It's All in the Genes

John Wasmuth had a feeling that a long-sought gene for dwarfism was in his lab freezer: other biologists had narrowed the search for the defective gene, and the University of California, Irvine, geneticist suspected the culprit was among the bits of DNA on ice. But which bit? To find out, he could have painstakingly put each gene into lab animals to see if any of the unknown genes made them short. But these are the '90s, when mice of the bewhiskered kind are giving way in biology labs to mice of the electronic kind. So instead, Wasmuth had his computer jocks send a description of the mystery DNA over the Internet to GenBank, a database at the National Center for Biotechnology Information (part of the National Institutes of Health). In seconds the computer found a match: one of the mystery genes resembled a database gene that lets cells snatch up a growth hormone from the blood. The matched DNA, Wasmuth and colleagues reported last month, is the gene for the most common form of dwarfism. The find should one day allow prenatal screening for a fatal form of the condition. More sweeping, says geneticist Victor McKusick of Johns Hopkins University, the discovery shows that this use of computers "is the future of biology."

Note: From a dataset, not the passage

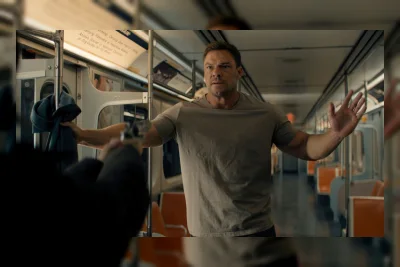 Netflix Dikabarkan Meniru Formula Reacher Milik Prime Video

That's because computers allow researchers "to make discoveries that were previously not possible," says Scott Humphries of MasPar Computer Corp. MasPar produces software for what is now known as computational biology: one program reads the chemical "letters" that spell out a mystery gene and compares them to sequences that spell out known genes, stored in a database. (Genes are made up of units designated A, T, G or C.) Finding a match is not simply a matter of holding up one string of A-T-G-C's to others, explains Keith Robison, a graduate student in molecular biology at Harvard University. A mere human could do that, if given a few months. Instead, the software performs the biochemical equivalent of preparing a recipe, tasting it and deciding whether it re-sembles the dish a known recipe makes. In technical terms, it decides whether the A's, T's, G's and C's in the new gene spell the same protein as those in a known gene.

"By looking for related genes whose functions are known," says biochemist William Pearson of the University of Virginia, you can "identify candidates for the cause of the [human] disease." Some successes:

The first eureka moment for computational biology came in 1983, when researchers found that a cancer gene is 87 percent similar to a gene that makes a substance that stimulates cells to grow. "It became clear how the [cancer] gene caused cells to begin dividing," says Pearson: by pushing them into hypergrowth.

In 1989 geneticists discovered that the gene for cystic fibrosis matches a bacteria gene. Since this primitive gene carries substances into and out of bacteria, biologists realized that CF must arise when such substances cannot cross into lung cells. And that has suggested new therapies for the fatal disease.

In 1992, researchers led by Greg Lennon of Lawrence Livermore National Laboratory found that a new gene matched a whole slew of database genes: all make enzymes that cripple nerves controlling muscles. With the match, the scientists had discovered the gene that causes myotonic dystrophy, a muscle-wasting disease that afflicts more than 35,000 Americans.

Not all of this work is serious. Last summer NCBI's Mark Boguski sought a match for the DNA sequence printed in "Jurassic Park." It wasn't T. rex; the computer told him it was bacterial DNA.

"It would be hard to find a recent DNA-based discovery that didn't use these tools," says Lennon. That's bad news for scientists who aren't computer-savvy. In one case, Oregon researchers missed discovering a colon-cancer gene because they used the wrong software: it failed to look in every nook and cranny of the database. This spring, researchers at Hopkins found the gene but made their own costly cy-bergoof. They had sought the match not in a free database but in a commercial one. The owner, Human Genome Sciences Inc., of Maryland, requires scientists to give it exclusive rights to any product from the discovery. Any profits from, say, kits for detecting the cancer gene will go to the private firm.

Databases now contain upwards of 200,000 DNA sequences; GenBank doubles in size every 21 months. Boguski, who helps run it, even foresees the day when software agents dubbed "knowbots" will automatically search out genetic matches. "It will be possible for these agents to make discoveries and just sort of let us know," he says. Or, they can team up with a word processor, report the discovery themselves and leave humans out of the loop entirely.